The first thing we do when we try to understand some program text is to divide it. For example, “12 + 34” can be divided into “12”, “+”, and “34”. If we want to include spaces, we can divide them as “12”, “ “, “+”, “ “, and “34”. Or if we are crazy, we can divide them as “12 +” and “34”.
The program texts are represented as strings. Before dividing a string, we need to decide on the rules for dividing. One set of rules can be we only care about numbers and the “+” sign. In that case, the valid substrings are “12”, “+”, and “34”.
These rules can be expressed as string patterns. Our problem can thus be phrased as dividing a string into substrings based on a set of patterns.
The substrings we divide a text into are called tokens. This process of dividing a string is called tokenization. We are going to implement a tokenizer in this article.

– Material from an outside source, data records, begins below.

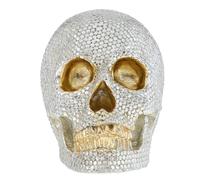 1pc Halloween Horror Skull Statue Desktop Statues Decor Home Skull Figurine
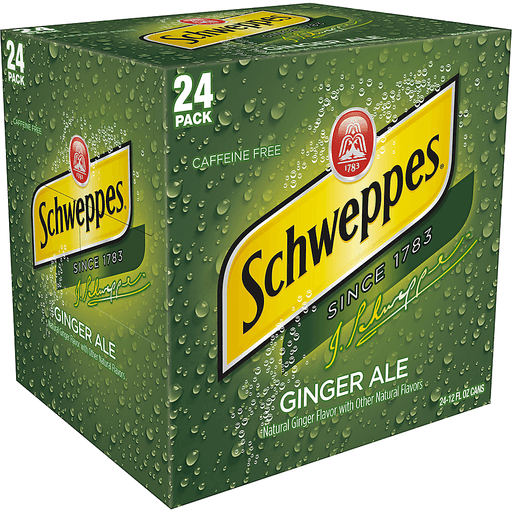 slide 2 of 3, Schweppes Ginger Ale, 24 ct; 12 fl oz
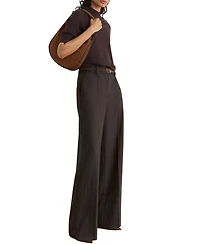 Reiss Women's Sienna Merino Wool Funnel-Neck Top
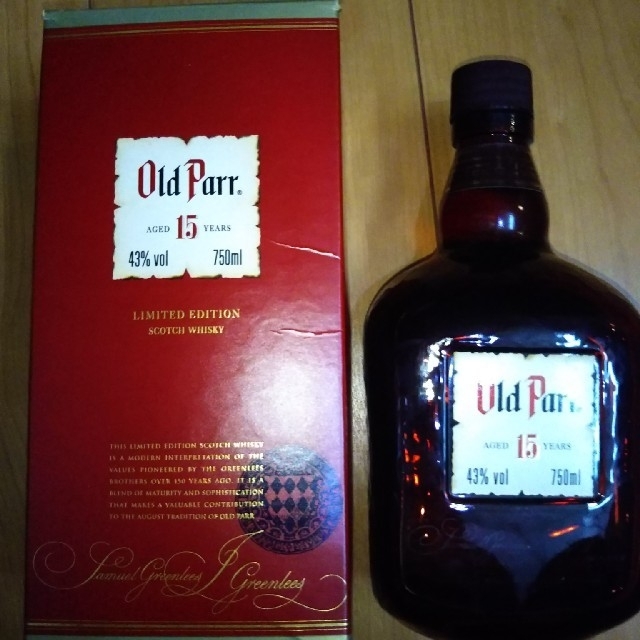 （古酒）old parr  AGED15YEARS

We will first look at the ways string patterns can be represented. Once we have these pattern representations, we are going to look at ways string patterns can be implemented. After we have discussed these implementations, we will put them together to implement a tokenizer.
This article assumes that you are comfortable with basic data structures and algorithms. We will use arrays, strings, hash tables, directed graphs, and recursion to develop the concepts in this article.

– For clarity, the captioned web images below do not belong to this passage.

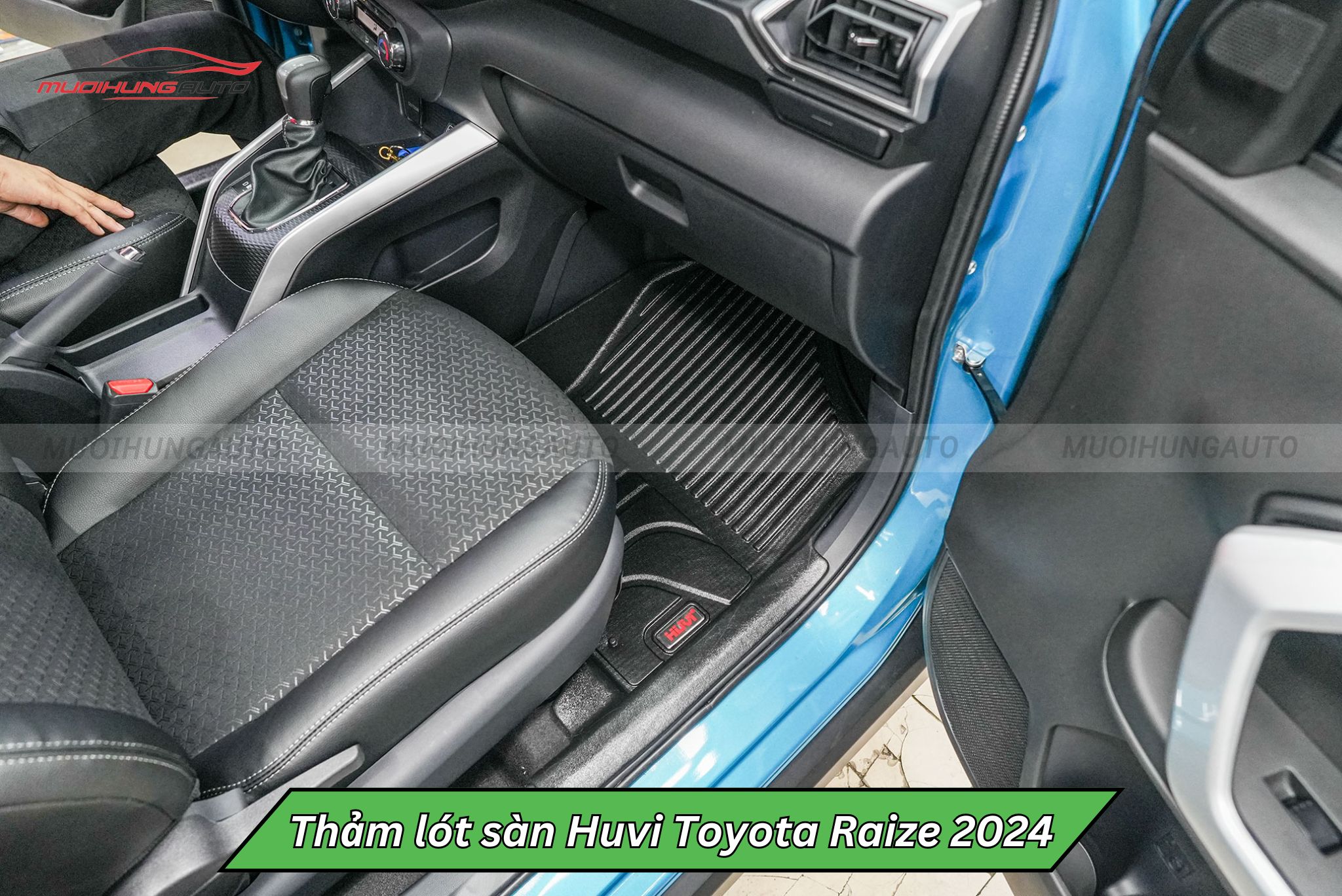 Thảm lót chân Huvi xe Toyota Raize 2024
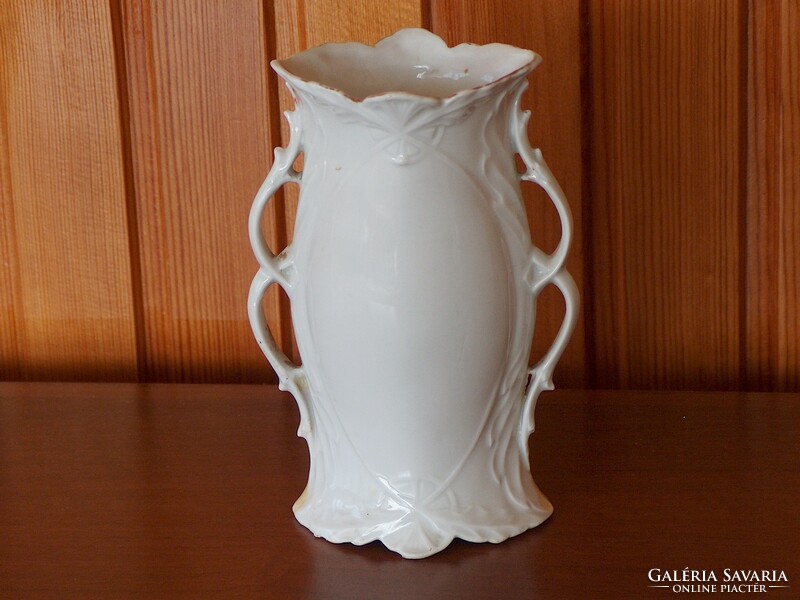 Very old interesting porcelain colored porcelain vase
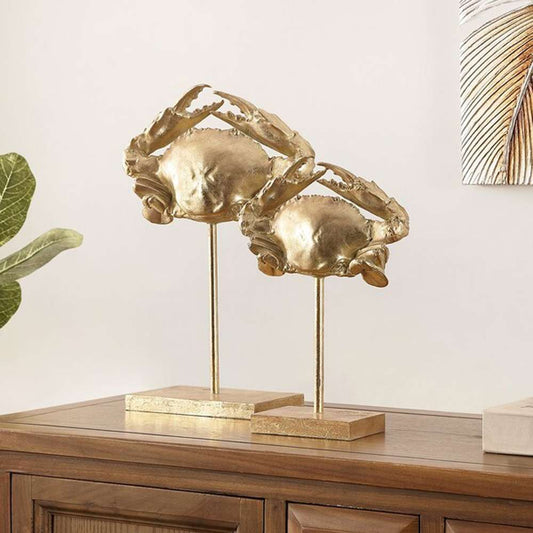 Safavieh - Conra Set Of 2 Crab Table Decor - Gold  (Set of 2) - RDC1205A-SET2 veiw 1
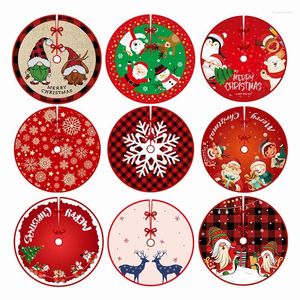 Juldekorationer 90 cm trädkjol Santa Claus Snowflake Xmas mattor Merry Decor for Home Navidad År 2024 Ornament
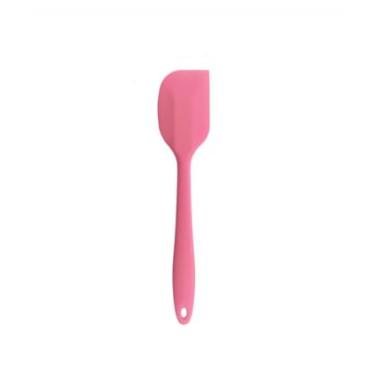 Imagem de 2 Espátula Pão Duro Silicone Maciço reforçada 27 cm (Rosa, Padrão)
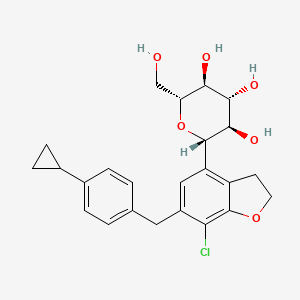 Chemical structure of Enavogliflozin
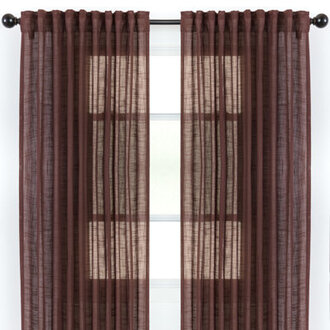 Misenheimer Solid Semi-Sheer Rod Pocket Curtain Panels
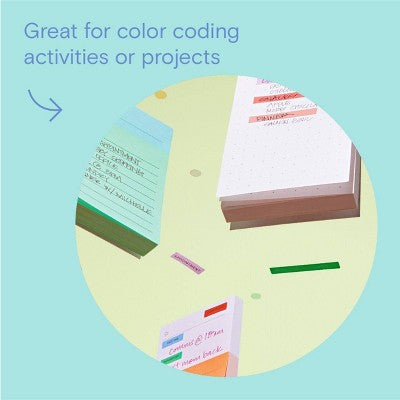 Noted by Post-it Colorful Stickers for Journals, Planners & Calendars - 96ct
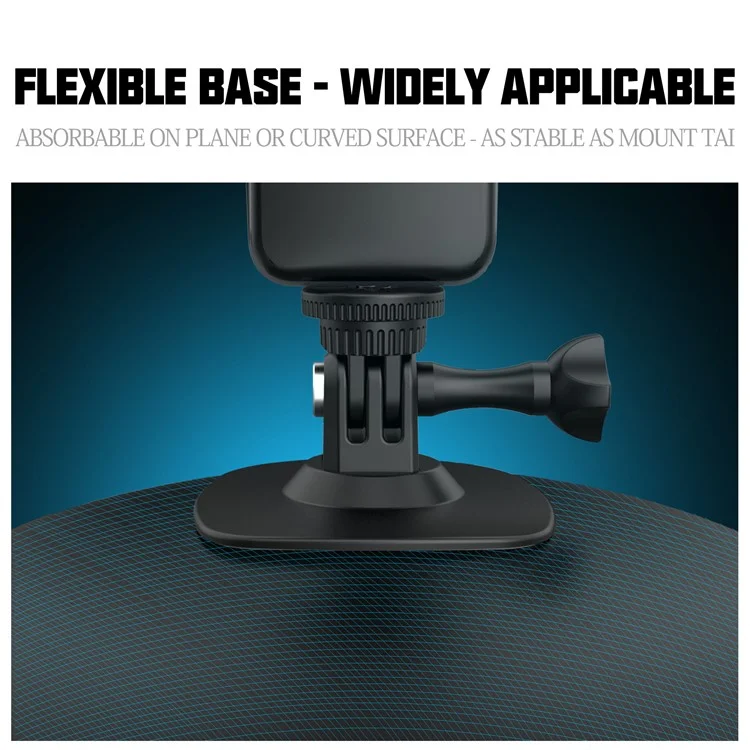 GP383 TPU + Composite Nylon Motorcycle Helmet Camera Mount Adhesive Adapter for GoPro Insta360 - Style 2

So how do we describe string patterns? One widely used notation is called regular expression. To understand regular expressions though, we need to define some new concepts.
The most basic thing we are dealing with is a string. A string can be empty or non-empty. An empty string is denoted by either "" or \(\epsilon\).
A set of strings is called a language.
Definition 1: Language
A language is defined as a set of strings.
For example, \(X = \{a, b, c\}\) is a language of three single character strings "a", "b", and "c". The language \(Y = \{abc, def\}\) has two strings "abc" and "def". And the language \(Z = \{xy\thinspace|\thinspace x \in \{a, b, c\} \thinspace and \thinspace y \in \{d, e, f\}\}\) is the same as \(W = \{ad, ae, af, bd, be, bf, cd, ce, cf\}\).
Languages are usually denoted by capital letters like A, B, X, and Y.
We combine languages using language operators. There are three language operators, union, concatenation, and kleene star, and we define them as follows.
Definition 2: Union
If we have two languages \(X\) and \(Y\), then their union \( X \cup Y \) is a set of strings that are either in \(X\) or in \(Y\).
$$ X \cup Y = \{w | w \in X or \thinspace w \in Y\} $$
For example, if \(X = \{ab, bc, cd\}\) and \(Y = \{cd, de, ef\}\), then \(X \cup Y\) is \(\{ab, bc, cd, de, ef\}\).
Definition 3: Concatenation
If we have two languages \(X\) and \(Y\), then their concatenation \(X\).\(Y\) is the set of strings \(vw\) such that \(v\) is in \(X\) and \(w\) is in \(Y\).
$$ X.Y = \{vw | v \in X and \thinspace w \in Y\} $$
Using the same example as above, for \(X = \{ab, bc, cd\}\) and \(Y = \{cd, de, ef\}\), \(X\).\(Y\) is \(\{abcd, abde, abef, bccd, bcde, bcef,\) \(cdcd, cdde, cdef\}\).
The next operator is less intuitive than union and concatentation. The idea is to concatenate the strings from a single language. The number of concatenations can be zero, in which it case it is an empty string, upto any number of times.
Definition 4: Kleene star
If we have a language \(X\), then its kleene star \(X*\) is a set of strings constructed by the concatenation of the strings of \(X\) zero or more times.
For example, if \( X = \{abc, xyz\} \), then \(X* = \{\epsilon\ , abcabc, abcxyz, xyzxyz, abcabcxyz, abcxyzxyz, xyzxyzxyz....\}\).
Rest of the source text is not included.